January 16, 2009 (Lecture 3)

January 16, 2009 (Lecture 3) Return to lecture notes index

January 16, 2009 (Lecture 3)

What Are Regular Expressions? Why Do We Care?

In many cases, when processing text or other types of data, we want to do pattern matching. This is probably familiar to many of you in the simple form of using an *-asterisk as a wildcard. But, we might also want to search for far more complicated patterns, for example dates, phone numbers, room numbers, time of day, dollar amounts, &c. Another application might, for example, to find any data that doesn't match a particular pattern -- for example, to deiscover corrupted records.
Regular Expressions, which are supported in many languages and tools, including Java, are a very flexible way of describing such patterns. Regular expressions are essentially a really compact language for describing patterns. Sometimes people call regular expressions RegEx for short.

The Building Blocks

Regular expressions are composed of literals and metcharacters. Most symbols used within regular expressions are literals, which match exactly themselves. Literals, for example, include, in most contexts, all of the letters and numbers. Metacharacters are symbols that have special meanings. Some of the more common metacharacters are listed below:

Symbol Meaning

. Matches any single character

^ Matches the beginning of a line

$ Matches the end of a line

[] Matches any one of the symbols within the brackets, hypen (-) notation for ranges okay

[^] Matches things not within the list

* Matches 0 or more of the pattern to the immediate left

+ Matches 1 or more of the pattern to the immediate left

? Matches 0 or 1 of the pattern to the immediate left

{x,y} Matches between x and y of the pattern to the immediate left, inclusive

(x) Save a match of pattern x to a register, also known as "marking" an expression.

\n register #n (there are registers 1-9)

& The matched string. In other words, the literal string that mached the pattern you supplied

<word> the word, not any substring word

x|y Matches either pattern x or pattern y

Java also defines some predefined character classes, which are basically shortcuts for describing common set of characters.
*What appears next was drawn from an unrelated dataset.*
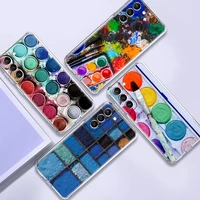 soft case for samsung s20 fe s21 for galaxy s10 s9 plus s8 note 20 ultra 10 lite phone cover watercolors set paint palette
Consider the following:

Character class Meaning

\d any digit character

\D anything character except a digit character

\s any whitespace character

\S any character except a whitespace character

\w a word character (letter or number or _-underscore)

\W anything but a word character

Additionally, java recognizes some common escape characters. A few examples are below:

Escaped character Meaning

\t tab

\n newline

\r carriage return

Symbol	Meaning
.	Matches any single character
^	Matches the beginning of a line
$	Matches the end of a line
[]	Matches any one of the symbols within the brackets, hypen (-) notation for ranges okay
[^]	Matches things not within the list
*	Matches 0 or more of the pattern to the immediate left
+	Matches 1 or more of the pattern to the immediate left
?	Matches 0 or 1 of the pattern to the immediate left
{x,y}	Matches between x and y of the pattern to the immediate left, inclusive
(x)	Save a match of pattern x to a register, also known as "marking" an expression.
\n	register #n (there are registers 1-9)
&	The matched string. In other words, the literal string that mached the pattern you supplied
<word>	the word, not any substring word
x\|y	Matches either pattern x or pattern y

Character class	Meaning
\d	any digit character
\D	anything character except a digit character
\s	any whitespace character
\S	any character except a whitespace character
\w	a word character (letter or number or _-underscore)
\W	anything but a word character

Escaped character	Meaning
\t	tab
\n	newline
\r	carriage return

A Note On Escaping

What if we want to match a *-asterisk? Or a ^-carrot? In order to match the literal value of character that happens to be a metacharacter, it is necessary to "Escape it". This is done by placing a \-slash before the character, for example, "\." And, if one wants a literal slash -- well, slash-slash, "\\", of course.
On thing that often confuses those new to Java is that, in order to match, for example, a tab, the \, itself, must be escaped -- "\\t". The reason for this is that, unless the \-slash is escaped, it will be translated into the escaped character before it makes its way into the library functin. This is true, of course, for all of the escaped characters (\d, \r, etc).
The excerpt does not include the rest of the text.